Does this happen for all accesses to external hosts?
Nope, within a docker container, curl -o /tmp/test https://serverfault.com/
works just fine, for example.
Is it a DNS problem?
No, nslookup is able to resolve the address within the container
nslookup sts.nih.gov
Server: 67.207.67.3
Address: 67.207.67.3#53
Non-authoritative answer:
sts.nih.gov canonical name = sts.ha.nih.gov.
Name: sts.ha.nih.gov
Address: 128.231.243.251
Name: sts.ha.nih.gov
Address: 2607:f220:404:9124:128:231:243:251
I can attempt to use an IP address in the request too
curl -vv -o /tmp/test https://128.231.243.251
Same result - a timeout.
Is it specific to https?
No, this seems to be a TCP/IP issue rather than an https protocol issue. Just using netcat to check the connectivity fails.
netcat -zvn 128.231.243.251 443
(UNKNOWN) [128.231.243.251] 443 (?) : Connection timed out
Is it a routing issue?
It doesn't seem to be - after all, the host can access the problem site, and the docker container can access other external sites.

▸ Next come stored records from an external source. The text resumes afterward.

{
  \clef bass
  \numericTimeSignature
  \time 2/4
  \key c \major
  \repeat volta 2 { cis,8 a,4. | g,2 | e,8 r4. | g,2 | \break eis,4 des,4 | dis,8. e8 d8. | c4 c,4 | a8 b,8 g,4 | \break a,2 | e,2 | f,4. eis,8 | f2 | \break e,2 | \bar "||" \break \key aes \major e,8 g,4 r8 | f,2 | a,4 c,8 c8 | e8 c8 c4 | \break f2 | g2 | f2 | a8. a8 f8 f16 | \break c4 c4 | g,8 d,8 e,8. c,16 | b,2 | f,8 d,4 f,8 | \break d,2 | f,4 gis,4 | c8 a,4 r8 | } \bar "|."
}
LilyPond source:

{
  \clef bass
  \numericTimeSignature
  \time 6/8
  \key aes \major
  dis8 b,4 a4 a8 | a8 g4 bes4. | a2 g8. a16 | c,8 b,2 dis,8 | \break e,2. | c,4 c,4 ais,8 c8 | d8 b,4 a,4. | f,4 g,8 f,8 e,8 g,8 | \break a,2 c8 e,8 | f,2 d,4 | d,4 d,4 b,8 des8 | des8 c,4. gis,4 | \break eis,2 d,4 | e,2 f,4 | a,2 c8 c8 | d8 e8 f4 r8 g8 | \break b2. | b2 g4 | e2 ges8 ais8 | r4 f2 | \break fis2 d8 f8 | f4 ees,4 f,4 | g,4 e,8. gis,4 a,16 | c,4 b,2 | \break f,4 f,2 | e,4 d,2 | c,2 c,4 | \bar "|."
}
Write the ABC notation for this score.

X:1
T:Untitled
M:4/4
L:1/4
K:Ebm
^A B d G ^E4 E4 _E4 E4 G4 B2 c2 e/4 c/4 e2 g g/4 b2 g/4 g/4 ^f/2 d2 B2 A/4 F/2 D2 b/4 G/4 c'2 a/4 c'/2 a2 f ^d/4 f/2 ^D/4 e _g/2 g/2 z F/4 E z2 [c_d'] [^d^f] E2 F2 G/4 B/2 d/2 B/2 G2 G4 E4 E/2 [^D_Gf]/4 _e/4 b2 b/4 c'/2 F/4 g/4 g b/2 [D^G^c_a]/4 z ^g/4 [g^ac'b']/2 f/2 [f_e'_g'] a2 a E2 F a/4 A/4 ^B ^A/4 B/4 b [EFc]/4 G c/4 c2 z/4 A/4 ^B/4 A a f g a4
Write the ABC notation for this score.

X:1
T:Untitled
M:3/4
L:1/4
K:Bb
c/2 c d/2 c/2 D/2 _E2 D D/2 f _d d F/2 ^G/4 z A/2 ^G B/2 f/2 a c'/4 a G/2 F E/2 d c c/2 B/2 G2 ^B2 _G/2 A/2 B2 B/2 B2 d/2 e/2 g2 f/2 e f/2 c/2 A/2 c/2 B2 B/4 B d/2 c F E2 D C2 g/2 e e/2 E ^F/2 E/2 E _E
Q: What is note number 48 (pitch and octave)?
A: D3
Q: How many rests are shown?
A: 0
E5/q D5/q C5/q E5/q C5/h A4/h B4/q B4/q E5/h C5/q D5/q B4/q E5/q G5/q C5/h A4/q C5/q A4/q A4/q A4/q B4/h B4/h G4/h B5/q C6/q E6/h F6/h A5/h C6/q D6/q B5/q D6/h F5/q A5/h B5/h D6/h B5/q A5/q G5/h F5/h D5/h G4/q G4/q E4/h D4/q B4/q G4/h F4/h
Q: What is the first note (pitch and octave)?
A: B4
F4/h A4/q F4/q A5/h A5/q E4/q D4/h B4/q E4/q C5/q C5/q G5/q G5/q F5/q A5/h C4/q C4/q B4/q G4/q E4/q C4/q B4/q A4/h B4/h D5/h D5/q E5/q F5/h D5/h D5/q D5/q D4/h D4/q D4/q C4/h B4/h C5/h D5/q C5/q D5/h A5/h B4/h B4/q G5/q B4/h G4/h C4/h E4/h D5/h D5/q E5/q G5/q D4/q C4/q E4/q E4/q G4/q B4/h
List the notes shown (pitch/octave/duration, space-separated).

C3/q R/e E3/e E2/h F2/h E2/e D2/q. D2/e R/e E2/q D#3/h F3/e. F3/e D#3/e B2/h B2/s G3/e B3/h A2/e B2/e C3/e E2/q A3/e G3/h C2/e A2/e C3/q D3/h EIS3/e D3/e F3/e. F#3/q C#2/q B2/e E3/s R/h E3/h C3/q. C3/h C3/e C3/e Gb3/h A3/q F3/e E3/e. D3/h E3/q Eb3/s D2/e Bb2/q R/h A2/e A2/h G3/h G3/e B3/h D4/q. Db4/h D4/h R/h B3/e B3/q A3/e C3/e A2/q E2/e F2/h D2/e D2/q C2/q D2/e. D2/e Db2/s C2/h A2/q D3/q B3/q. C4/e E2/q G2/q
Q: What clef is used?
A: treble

Traceroute shows ICMP packets at least are reaching the target network
traceroute 128.231.243.251
traceroute to 128.231.243.251 (128.231.243.251), 30 hops max, 60 byte packets
1 172.17.0.1 (172.17.0.1) 0.063 ms 0.029 ms 0.023 ms
2 * * *
3 10.80.5.46 (10.80.5.46) 1.758 ms 10.80.5.48 (10.80.5.48) 1.864 ms 10.80.5.38 (10.80.5.38) 4.499 ms
4 138.197.249.112 (138.197.249.112) 1.991 ms 138.197.249.122 (138.197.249.122) 2.179 ms 138.197.249.104 (138.197.249.104) 1.961 ms
5 138.197.251.136 (138.197.251.136) 1.659 ms 138.197.251.142 (138.197.251.142) 1.846 ms 138.197.251.138 (138.197.251.138) 1.799 ms
6 212.187.195.149 (212.187.195.149) 4.005 ms 212.187.195.85 (212.187.195.85) 1.800 ms 1.743 ms
7 * * *
8 4.16.68.166 (4.16.68.166) 76.945 ms 76.901 ms 76.869 ms
9 bth-tic-core-rt-a-te-0-0-0-0.net.nih.gov (156.40.93.1) 77.783 ms 77.754 ms 77.632 ms
10 156.40.93.170 (156.40.93.170) 76.519 ms 76.473 ms 76.429 ms
11 156.40.93.171 (156.40.93.171) 77.745 ms 76.627 ms 77.020 ms
12 * * *
...
30 * * *
I can also show a good trace using TCP SYN packages
traceroute --tcp 128.231.243.251
traceroute to 128.231.243.251 (128.231.243.251), 30 hops max, 60 byte packets
1 172.17.0.1 (172.17.0.1) 0.066 ms 0.017 ms 0.017 ms
2 * * *
3 10.80.5.34 (10.80.5.34) 1.881 ms 10.80.5.46 (10.80.5.46) 2.113 ms 10.80.5.36 (10.80.5.36) 1.832 ms
4 138.197.249.98 (138.197.249.98) 3.127 ms 138.197.249.120 (138.197.249.120) 1.978 ms 138.197.249.106 (138.197.249.106) 1.853 ms
5 138.197.251.140 (138.197.251.140) 1.784 ms 1.826 ms 138.197.251.132 (138.197.251.132) 1.705 ms
6 212.187.195.149 (212.187.195.149) 2.859 ms 1.457 ms 1.389 ms
7 * * *
8 4.16.68.166 (4.16.68.166) 76.470 ms 76.446 ms 76.520 ms
9 bth-tic-core-rt-a-te-0-0-0-0.net.nih.gov (156.40.93.1) 77.602 ms 77.582 ms 77.492 ms
10 156.40.93.170 (156.40.93.170) 76.005 ms 76.733 ms 76.459 ms
11 * * *
12 * * *
13 * * *
14 * * *
15 * * *
16 * * *
17 128.231.243.251 (128.231.243.251) 77.268 ms 77.215 ms 76.815 ms
next moves?
At this point, I'm baffled as to how to narrow this down further. To me, it feels like there's something about the networking at the remote end which is unusual but only manifests itself within docker's networking mechanisms.